*Information shown:*
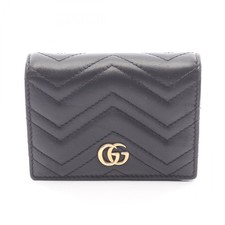 Portefeuille double pli GUCCI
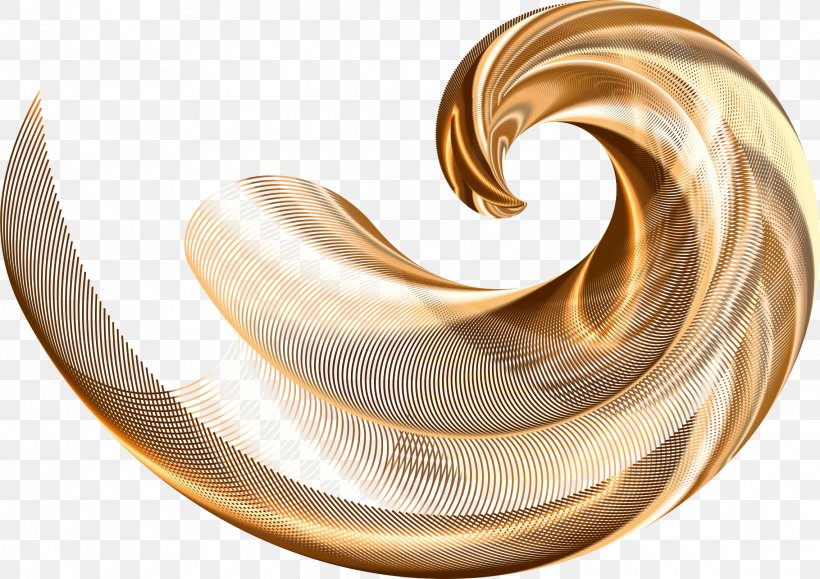 Clip Art, PNG, 2280x1612px, Line Art, Gold, Material, Mobile Phones, Spiral Download Free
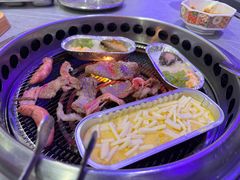 -谷町·烤肉自助(朱雀门店)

*Try it:*
Word for word, reproduce each line from the one with "Clip Art, PNG, 2280x1612px, Line" through the last line of the material above, both included, and drop the pictures.

*Your solution:*
 Clip Art, PNG, 2280x1612px, Line Art, Gold, Material, Mobile Phones, Spiral Download Free
 -谷町·烤肉自助(朱雀门店)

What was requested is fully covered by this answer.